DATA SECTION Start Marker

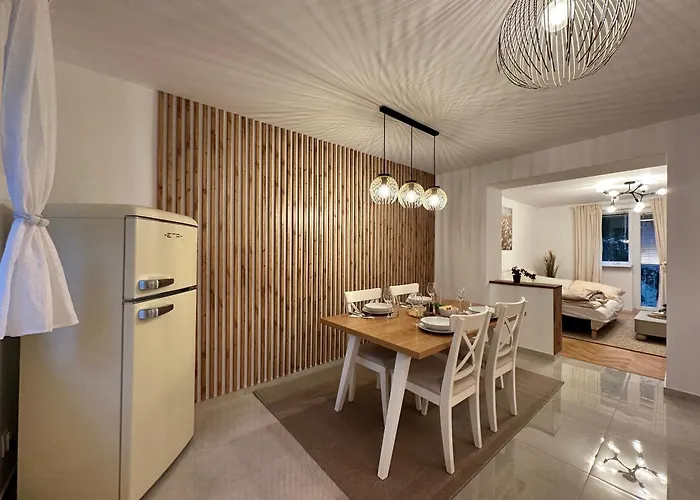 Appartement Mileticova Street, Keyless, Ac *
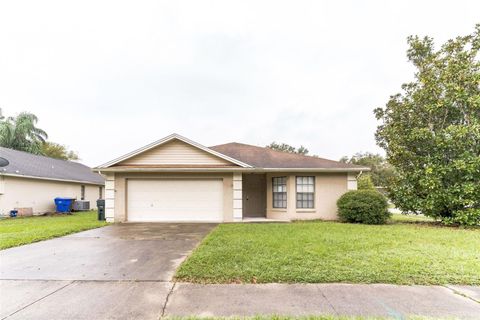 A home in KISSIMMEE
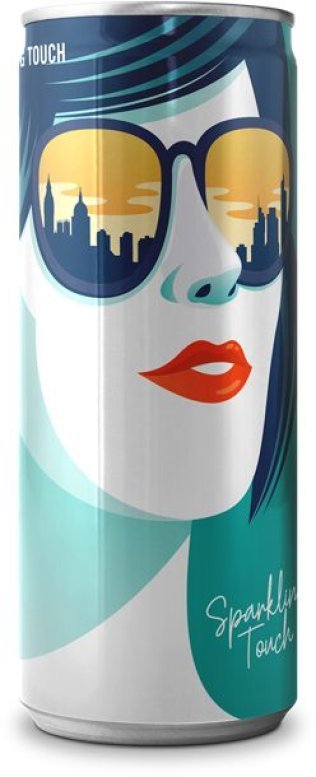 New Age Weiss Dose -T- Bodegas Bianchi 27.5cl CAx24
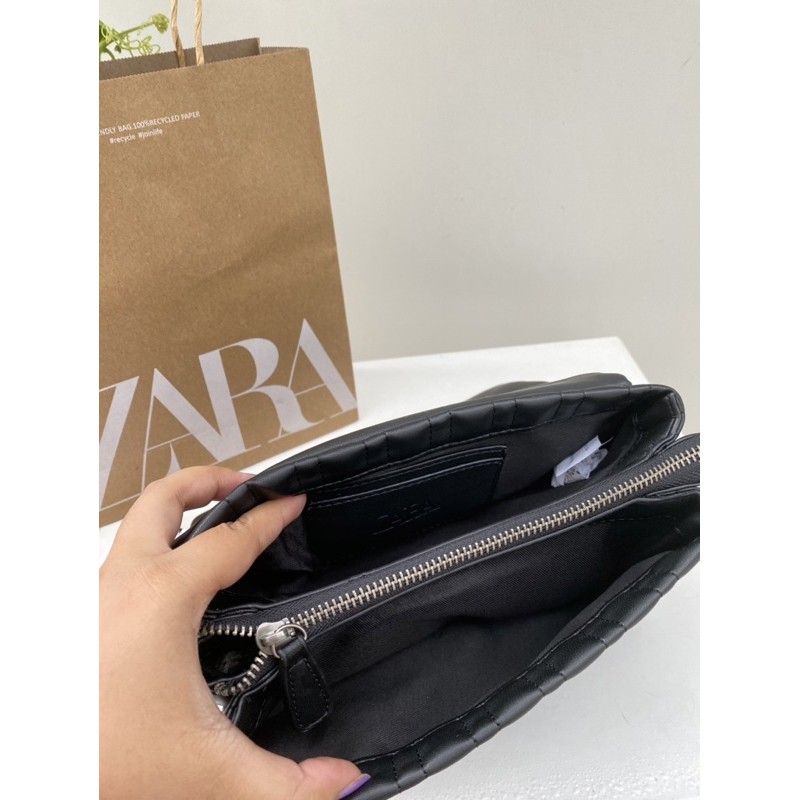 ZR Chain Crossbody Bag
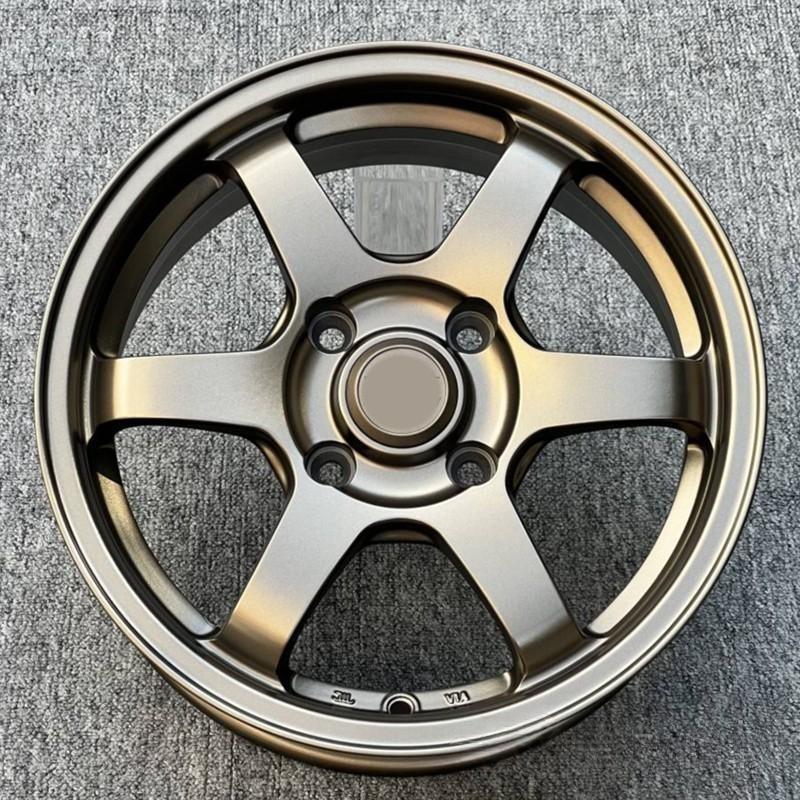15 Inch Street Style Rim – Fits Honda Fit, Toyota Yaris, Mazda | JDM Tamashii - JDM Tamashii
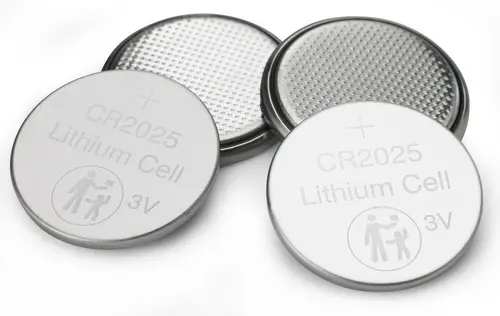 Baterie, Verbatim Lithium Battery CR2025 3V 4 Pack - 2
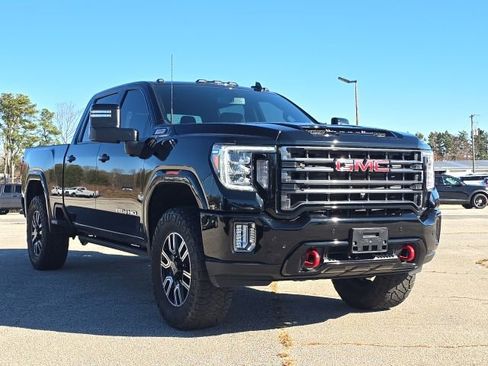 Used 2022 GMC Sierra 2500 AT4 w/ AT4 Preferred Package image 7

DATA SECTION End Marker

| INSTRUCTIONS FOR THE TASK |
Copy the lines above exactly. Do not include pictures.

| WRITTEN ANSWER |
 Appartement Mileticova Street, Keyless, Ac *
 A home in KISSIMMEE
 New Age Weiss Dose -T- Bodegas Bianchi 27.5cl CAx24
 ZR Chain Crossbody Bag
15 Inch Street Style Rim – Fits Honda Fit, Toyota Yaris, Mazda | JDM Tamashii - JDM Tamashii
 Baterie, Verbatim Lithium Battery CR2025 3V 4 Pack - 2
 Used 2022 GMC Sierra 2500 AT4 w/ AT4 Preferred Package image 7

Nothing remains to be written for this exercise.